The federal government appears to be reconsidering its stance on covering GLP-1 weight loss medications such as Ozempic and Zepbound under Medicaid and Medicare. Reports indicate that the Trump administration is planning to initiate an innovative experiment aimed at allowing certain individuals access to coverage for these crucial obesity drugs.
According to a report by The Washington Post, which acquired documents from the Centers for Medicare and Medicaid Services, this initiative would permit state Medicaid programs and Medicare Part D insurance plans to cover medications specifically targeted for weight management starting next year. If the experiment yields positive results, it could set a precedent for broader coverage of these high-cost but effective medications through Medicare and Medicaid.

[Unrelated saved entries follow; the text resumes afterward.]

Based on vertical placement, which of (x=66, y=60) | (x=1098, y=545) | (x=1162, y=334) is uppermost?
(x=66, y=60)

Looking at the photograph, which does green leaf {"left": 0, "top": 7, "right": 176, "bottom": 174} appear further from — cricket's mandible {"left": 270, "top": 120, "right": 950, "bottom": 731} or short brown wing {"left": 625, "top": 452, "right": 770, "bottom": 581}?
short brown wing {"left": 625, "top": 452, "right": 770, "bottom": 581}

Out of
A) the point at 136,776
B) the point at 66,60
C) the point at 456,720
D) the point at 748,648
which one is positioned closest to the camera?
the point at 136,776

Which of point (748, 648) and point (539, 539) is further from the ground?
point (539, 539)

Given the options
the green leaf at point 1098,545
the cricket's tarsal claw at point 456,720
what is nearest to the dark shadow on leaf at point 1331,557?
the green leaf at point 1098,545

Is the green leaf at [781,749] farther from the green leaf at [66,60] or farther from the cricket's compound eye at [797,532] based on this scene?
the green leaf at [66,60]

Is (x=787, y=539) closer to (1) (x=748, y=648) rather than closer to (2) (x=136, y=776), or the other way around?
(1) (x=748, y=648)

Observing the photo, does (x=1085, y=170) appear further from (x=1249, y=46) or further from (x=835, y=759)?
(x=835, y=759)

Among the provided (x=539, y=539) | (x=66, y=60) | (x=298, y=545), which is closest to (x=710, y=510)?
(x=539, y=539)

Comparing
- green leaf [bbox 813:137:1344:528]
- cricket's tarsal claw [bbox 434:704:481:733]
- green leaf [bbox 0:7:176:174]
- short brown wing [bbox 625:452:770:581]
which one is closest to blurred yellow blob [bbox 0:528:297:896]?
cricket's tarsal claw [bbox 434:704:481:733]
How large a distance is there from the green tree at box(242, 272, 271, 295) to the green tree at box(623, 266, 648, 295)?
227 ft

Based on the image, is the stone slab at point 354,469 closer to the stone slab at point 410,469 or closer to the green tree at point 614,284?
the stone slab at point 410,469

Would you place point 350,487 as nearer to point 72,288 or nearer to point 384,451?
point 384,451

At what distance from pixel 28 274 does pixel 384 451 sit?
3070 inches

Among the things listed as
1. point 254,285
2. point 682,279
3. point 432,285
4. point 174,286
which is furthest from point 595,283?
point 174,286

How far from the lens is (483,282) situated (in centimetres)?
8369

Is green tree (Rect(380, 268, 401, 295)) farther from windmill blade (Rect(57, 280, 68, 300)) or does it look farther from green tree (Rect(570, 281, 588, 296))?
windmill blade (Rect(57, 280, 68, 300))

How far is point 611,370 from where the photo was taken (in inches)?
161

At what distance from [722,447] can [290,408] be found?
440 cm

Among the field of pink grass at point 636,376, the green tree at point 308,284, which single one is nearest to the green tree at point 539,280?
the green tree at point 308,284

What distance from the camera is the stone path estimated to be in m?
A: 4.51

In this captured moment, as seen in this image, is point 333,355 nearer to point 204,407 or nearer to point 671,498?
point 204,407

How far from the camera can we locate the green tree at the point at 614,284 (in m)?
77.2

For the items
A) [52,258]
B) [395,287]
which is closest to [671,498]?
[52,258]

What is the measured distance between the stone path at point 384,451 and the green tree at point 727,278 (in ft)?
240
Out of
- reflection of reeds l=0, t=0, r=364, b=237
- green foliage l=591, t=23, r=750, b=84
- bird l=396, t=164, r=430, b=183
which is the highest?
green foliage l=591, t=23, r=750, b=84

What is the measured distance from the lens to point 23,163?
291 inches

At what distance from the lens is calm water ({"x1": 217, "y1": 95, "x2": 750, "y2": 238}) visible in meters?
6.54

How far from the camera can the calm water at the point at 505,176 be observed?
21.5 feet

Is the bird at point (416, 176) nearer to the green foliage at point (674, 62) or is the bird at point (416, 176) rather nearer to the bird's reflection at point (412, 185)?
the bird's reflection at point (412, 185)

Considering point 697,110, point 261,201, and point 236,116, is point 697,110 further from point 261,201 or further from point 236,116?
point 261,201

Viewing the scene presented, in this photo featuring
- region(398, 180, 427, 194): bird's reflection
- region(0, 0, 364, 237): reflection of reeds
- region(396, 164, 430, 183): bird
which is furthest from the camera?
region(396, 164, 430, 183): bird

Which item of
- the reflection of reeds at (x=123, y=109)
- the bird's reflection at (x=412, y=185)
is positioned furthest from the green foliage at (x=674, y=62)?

Currently, Medicare does not provide direct coverage for medications designed to treat obesity, including the latest GLP-1 agents such as semaglutide (found in Ozempic and Wegovy) and tirzepatide (marketed as Mounjaro and Zepbound). However, there is some flexibility in coverage for patients utilizing Ozempic and similar drugs for managing diabetes or certain obesity-related health issues, like heart disease.
Last year, the Biden administration put forward a proposal aimed at abolishing these restrictions, which could potentially allow coverage for approximately 7 million Americans enrolled in Medicare and Medicaid by 2026. However, in April of this year, the Trump administration retracted the proposed rule. Despite this, Health Secretary Robert F. Kennedy Jr., who has expressed past criticism of Ozempic, mentioned that the White House is still evaluating a “framework” to broaden coverage.
The Washington Post reports that the Center for Medicare and Medicaid Innovation, an entity focused on reducing healthcare costs and enhancing patient care, will oversee this experimental initiative. While several details concerning eligibility criteria remain uncertain, the government may allow public feedback and further adjustments as needed. The experiment is projected to last for at least five years, with Medicaid programs potentially starting coverage in April 2026 and Medicare plans following suit in January 2027.
The latest GLP-1 medications, such as semaglutide, have demonstrated significantly greater effectiveness in facilitating weight loss compared to traditional diet and exercise methods alone. However, their high prices and limited insurance coverage have hindered many individuals from accessing or maintaining these treatments over the long term, particularly as some users experience intolerable gastrointestinal side effects. Nevertheless, this proposed initiative signifies a positive shift in addressing these cost-related challenges.
Recently, the list prices for Ozempic and similar medications have begun to decline; for example, Canada is anticipated to approve the first generics of Ozempic early next year, although similar developments in the U.S. may not occur until 2030. The expected introduction of new competitive drugs as early as next year is likely to further reduce prices across the board.